La testimonianza di Graziella Teti, responsabile Ufficio Adozioni di CIAI  

«Il Vietnam, nelle politiche relative all’adozione internazionale, ha fallito». È la dura conclusione di un rapporto di Associated Press sulla condizione dell’infanzia abbandonata nel paese asiatico, che riporta testimonianze di corruzione, frode e traffico di minori, storie di neonati venduti dal personale degli ospedali a famiglie disposte a tutto pur di avere un figlio, testimonianze di madri analfabete costrette ad abbandonare il proprio figlio su pressione dei funzionari degli orfanotrofi. Il documento si basa su canali americani: negli Stati Uniti nel 2007 sono stati adottati 826 minori.


In Italia, nel 2007, dal Vietnam sono arrivati 263 bambini, il 7,7% delle adozioni realizzate. L’anno scorso quindi il Vietnam è stato il quinto paese di provenienza dei minori adottati. La loro età media è la più bassa di tutte: solo 1,64 anni. Dal 2000 ad oggi sono stati complessivamente 832 i minori vietnamiti adottati in Italia. Sono nove gli enti autorizzati ad operare nel Paese.


Un mese fa, nel l’ambito del convegno “Scenari e sfide dell’Adozione Internazionale”, organizzato dal CIAI a Venezia, la responsabile dell’ufficio adozioni, Graziella Teti, aveva fatto una testimonianza che metteva in luce le difficoltà degli enti autorizzati ad operare nel paese. Eccone uno stralcio.

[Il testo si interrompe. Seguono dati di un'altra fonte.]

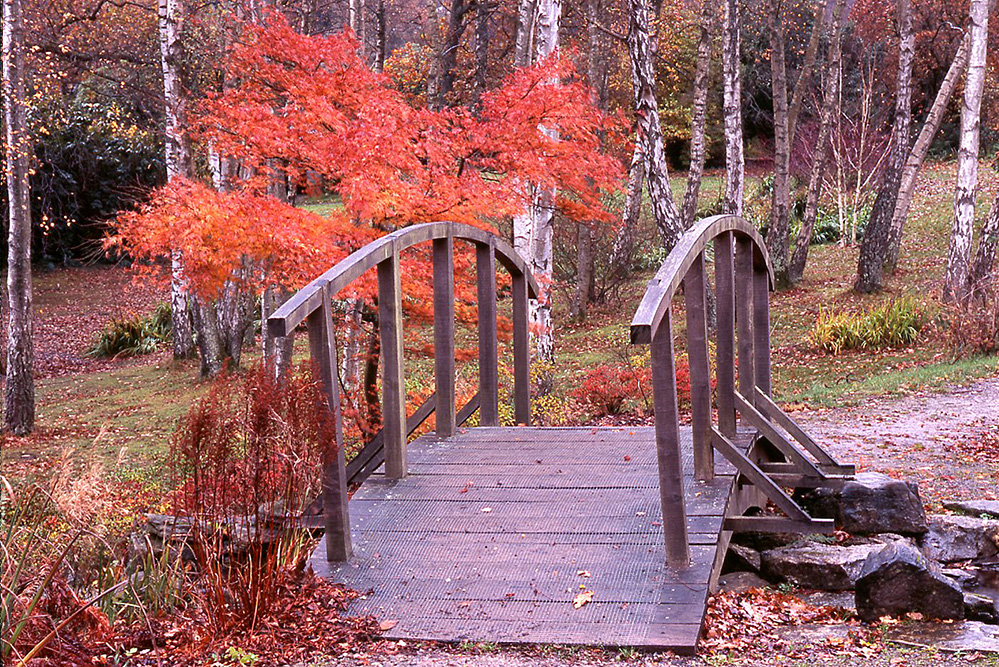 Furzey Gardens New Forest Bridge and Autumn Acer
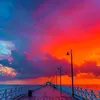 music._542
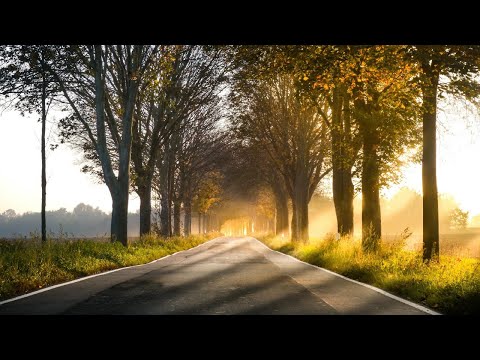 Mindful Awareness Practices LLC (MAPs) video/presentation/materials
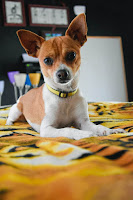 Mexican Chihuahua Dog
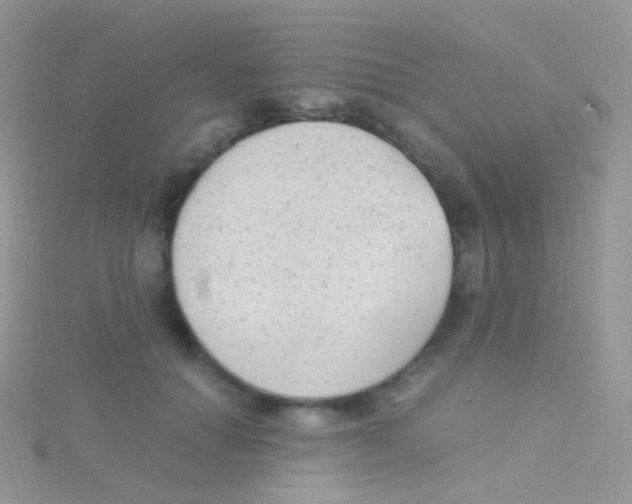 X0000115040654200911231134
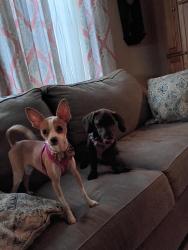 Found/Stray Female Dog last seen Flores and mary street, San Antonio, TX 78214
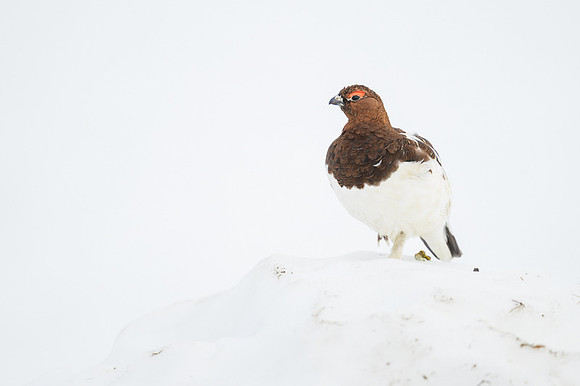Willow Ptarmigan
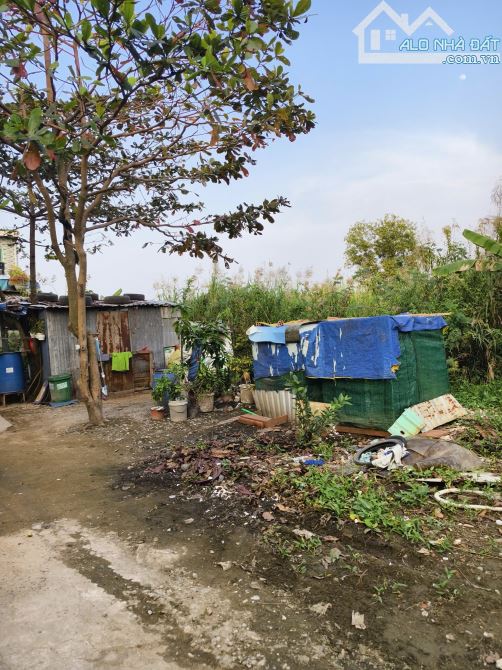 BÁN ĐẤT 3 MẶT TIỀN ĐƯỜNG AN HẠ – PHẠM VĂN HAI – BÌNH CHÁNH - 2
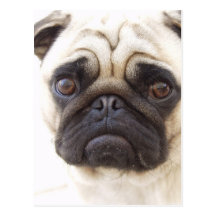 Carte postale de chien de carlin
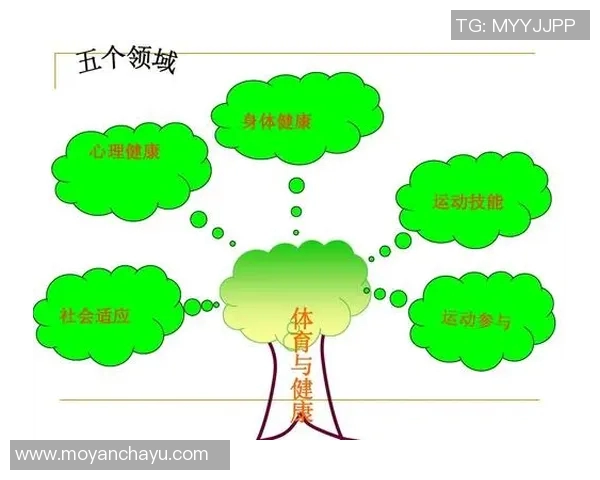 中年人如何科学安排体育锻炼提升身体素质与心理健康的有效策略与建议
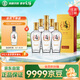 勁牌 毛鋪苦蕎酒 露酒 金蕎 42度 500ml*6瓶 整箱裝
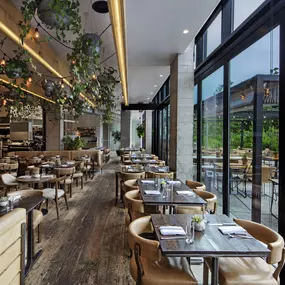 Indoor and Outdoor Dining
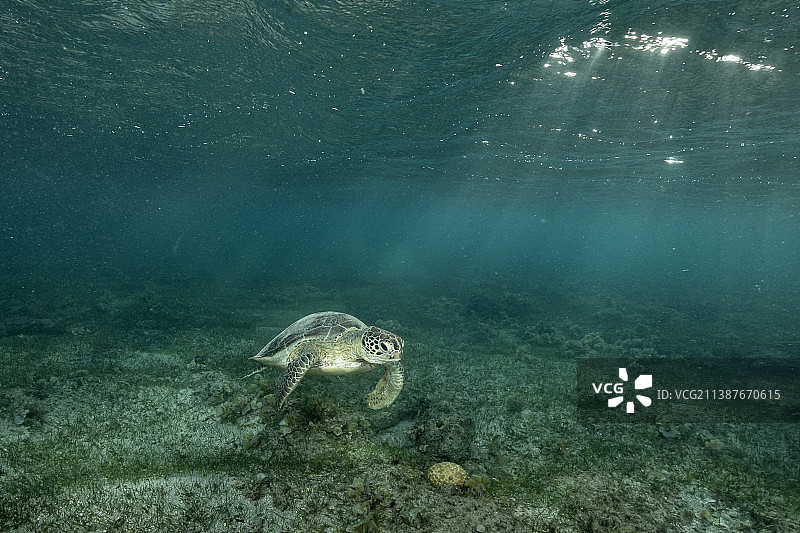 低角度观海绿海龟在海中游泳，马约特图片素材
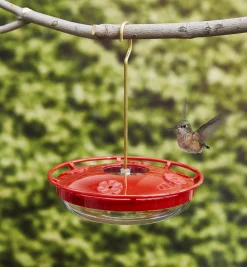 Hanging Hummingbird Feeder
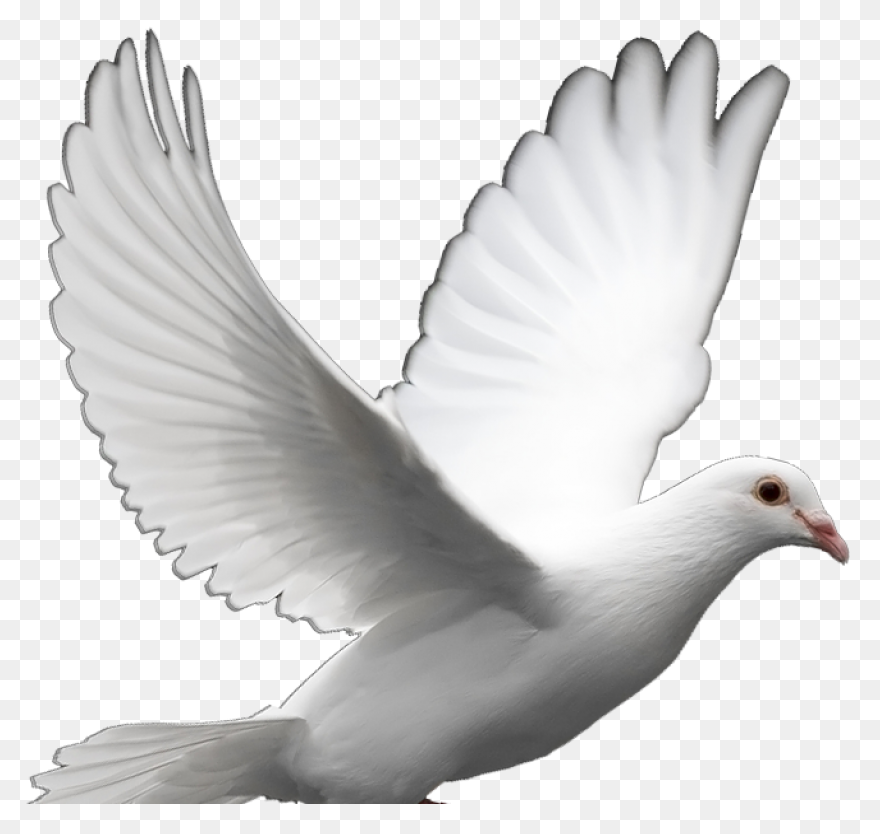 White Dove Peace Png Imagen - White Dove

«La presenza del Ciai in alcuni Paesi non firmatari la Convenzione Aja, dove promuove progetti di cooperazione a favore dei bambini e realizza un numero irrisorio di adozioni, ci offre la possibilità di stare “in mezzo ai giochi” e osservare alcuni meccanismi distorti. In Vietnam, per esempio, il dialogo con l’autorità centrale e le istituzioni locali è stato molto difficile per il Ciai, e per molto tempo nessun caso di adozione è stato avviato, ufficialmente “per mancanza di bambini adottabili”.


Nei centri presso i quali eravamo accreditati i bambini erano pochissimi e sempre “already booked”, già prenotati. Sì, il termine è proprio questo: prenotati.


Negli stessi centri però moltissime adozioni venivano intanto realizzate. Tutte, o quasi tutte, di bambini molto piccoli. Naturale cercare di capire da dove provenissero. I casi di abbandono spontaneo sono fenomeno piuttosto raro e quando ciò sporadicamente accade, la comunità di appartenenza tenderebbe a farsene carico, se non ci fossero sollecitazioni di tipo diverso.
Non senza un certo candore, ciò ci è stato più volte confermato da alcuni direttori dei centri.


Secondo questi racconti l’intermediario (o l’intermediario dell’intermediario..) farebbe il lavoro sporco di contattare la famiglia (povera e analfabeta, meglio se ha già molte bocche da sfamare…) già prima della nascita del bambino, convincendola a cederlo dietro la corresponsione di denaro (dai 300 ai 500 dollari). La madre o chi per essa verrebbe poi convinta a firmare la lettera di rinuncia al bambino e di autorizzazione all’adozione. Spesso, senza poterne comprendere fino in fondo le conseguenze.


Secondo testimonianze sussurrate, alcune organizzazioni internazionali disporrebbero, tramite una rete capillare di procacciatori locali, di “propri canali autonomi di reperimento dei bambini”. In seguito, il bambino verrebbe registrato nei registri dell’istituto e l’iter adottivo si avvierebbe senza impedimenti formali. Naturalmente, ciò può accadere solo grazie alla collaborazione connivente di alcuni direttori, di operatori dei servizi sociali locali, di funzionari dei diversi uffici.


Un’altra forma di “traffico” è rappresentata dalla corruzione connessa all’iter burocratico per il perfezionamento dell’adozione; in molti paesi a ogni passaggio di carte è richiesto un pagamento non ufficiale per favorire, sveltire, facilitare… Due funzionari di un Ministero, nel riceverci per una prima visita di presentazione della nostra organizzazione, ci hanno richiesto 4000 dollari in contanti. Tanto per spianare la strada a futuri accordi. Con questi presupposti, chi decide di non accettare e anzi di combattere questo sistema incontra grandissime difficoltà.


Dove ancora accadono queste cose, l’adozione internazionale, lungi dal rappresentare una risorsa utile ai bambini rimasti soli, si configura piuttosto come risposta organizzata e criminosa alla fame di figli espressa dal mondo occidentale».